Nous voulons protéger les personnes juives sans abandonner les Palestinien·nes. Nous voulons défendre les Palestinien·nes sans exposer les personnes juives. Nous voulons combattre l’antisémitisme sans transformer Israël en État au-dessus de toute critique. Nous voulons combattre la colonisation, l’apartheid et le génocide sans jamais transformer les personnes juives en ennemies. La situation de notre pays est trop grave pour les amalgames. La situation en Israël et en Palestine est trop grave pour les manipulations. L’antisémitisme est trop grave pour être instrumentalisé. L’apartheid est trop grave pour être normalisé. Le génocide est trop grave pour être réduit au silence. Nous ne choisirons jamais entre la sécurité des personnes juives et la liberté du peuple palestinien.

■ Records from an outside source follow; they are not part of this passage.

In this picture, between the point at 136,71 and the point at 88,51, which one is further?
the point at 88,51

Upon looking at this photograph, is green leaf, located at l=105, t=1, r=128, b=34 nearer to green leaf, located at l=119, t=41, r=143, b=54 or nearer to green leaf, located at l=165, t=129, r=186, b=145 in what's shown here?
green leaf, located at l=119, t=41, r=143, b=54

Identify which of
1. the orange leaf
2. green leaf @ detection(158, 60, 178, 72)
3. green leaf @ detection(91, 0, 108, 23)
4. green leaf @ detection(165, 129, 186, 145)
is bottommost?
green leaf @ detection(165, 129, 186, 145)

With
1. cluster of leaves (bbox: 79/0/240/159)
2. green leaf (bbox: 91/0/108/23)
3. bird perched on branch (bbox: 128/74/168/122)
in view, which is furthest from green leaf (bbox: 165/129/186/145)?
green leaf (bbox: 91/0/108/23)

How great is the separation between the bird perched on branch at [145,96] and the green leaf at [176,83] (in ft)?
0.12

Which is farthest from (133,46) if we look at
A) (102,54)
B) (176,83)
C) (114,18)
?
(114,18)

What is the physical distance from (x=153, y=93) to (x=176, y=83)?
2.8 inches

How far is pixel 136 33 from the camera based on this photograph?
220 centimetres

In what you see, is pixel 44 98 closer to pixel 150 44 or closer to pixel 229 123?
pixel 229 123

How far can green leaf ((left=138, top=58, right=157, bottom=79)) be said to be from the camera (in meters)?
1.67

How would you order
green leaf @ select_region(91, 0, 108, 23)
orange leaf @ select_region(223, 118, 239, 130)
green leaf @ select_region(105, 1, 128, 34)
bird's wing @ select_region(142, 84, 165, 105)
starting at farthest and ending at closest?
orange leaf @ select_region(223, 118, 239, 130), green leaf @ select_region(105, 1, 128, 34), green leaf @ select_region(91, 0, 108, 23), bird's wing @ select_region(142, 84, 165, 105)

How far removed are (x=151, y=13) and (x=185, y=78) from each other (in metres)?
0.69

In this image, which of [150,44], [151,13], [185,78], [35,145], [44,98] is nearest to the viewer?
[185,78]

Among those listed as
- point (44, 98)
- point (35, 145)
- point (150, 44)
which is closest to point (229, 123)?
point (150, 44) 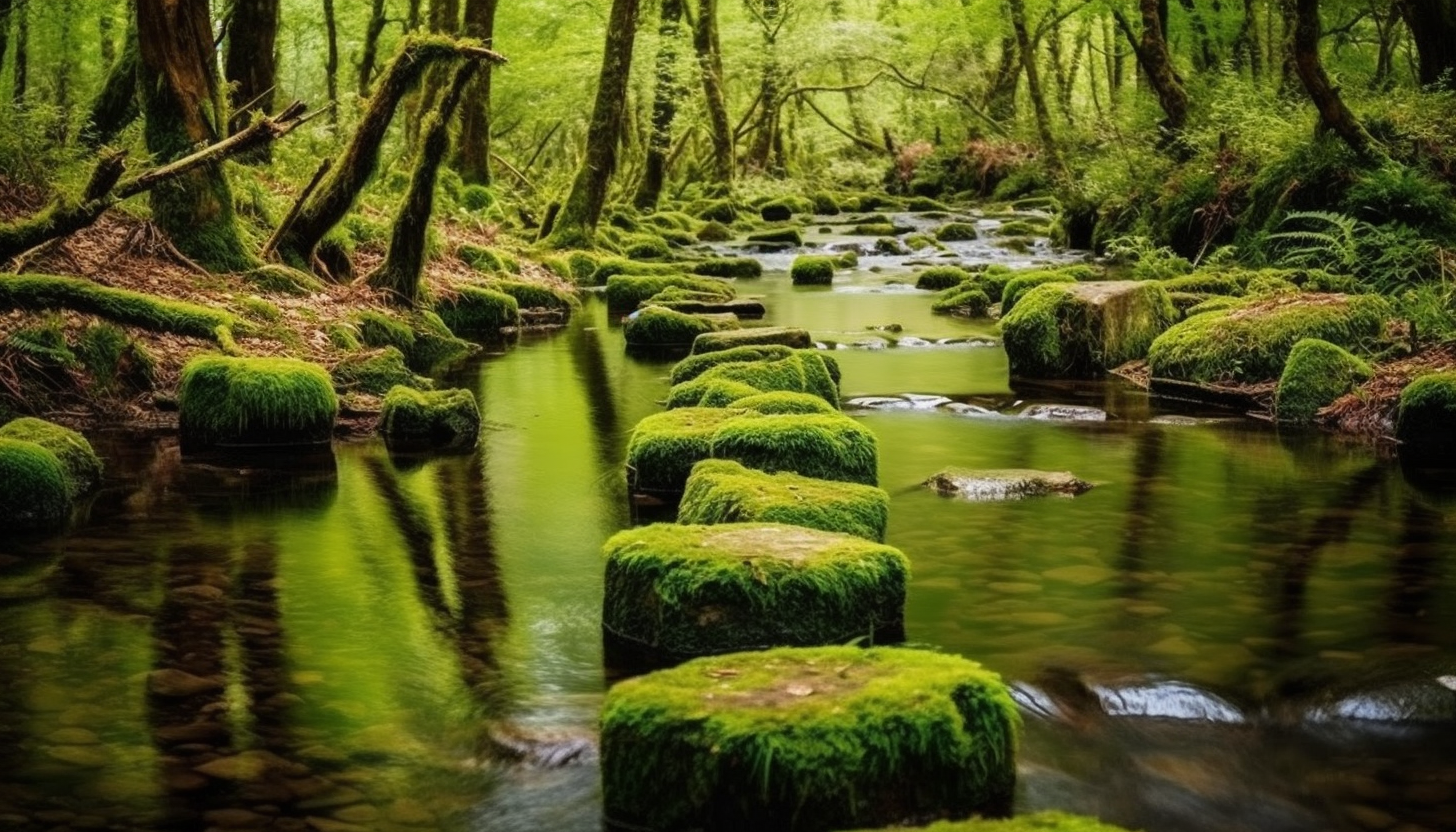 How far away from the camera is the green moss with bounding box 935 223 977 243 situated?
85.8 feet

Nous défendrons les deux. Et nous ne nous tairons plus.
Nous refusons de laisser l’extrême droite et les défenseur·euses inconditionnel·les du gouvernement israélien confisquer la lutte contre l’antisémitisme pour réduire la Palestine au silence. Nous appelons toutes les personnalités politiques, artistes, journalistes, intellectuel·les, militant·es, associations et citoyen·nes qui partagent ce refus à signer cette tribune.
Signez-la. Faites-la circuler. Transmettez-la à vos réseaux, à vos organisations et aux médias. Publiez-la massivement sur les réseaux sociaux. Plus nous serons nombreux·ses à la porter, moins il sera possible de nous isoler, de nous diffamer et de nous faire taire.
Contre l’antisémitisme. Contre l’apartheid. Contre le génocide. Pour la liberté du peuple palestinien.
Signez. Partagez. Ne les laissez plus imposer leur silence.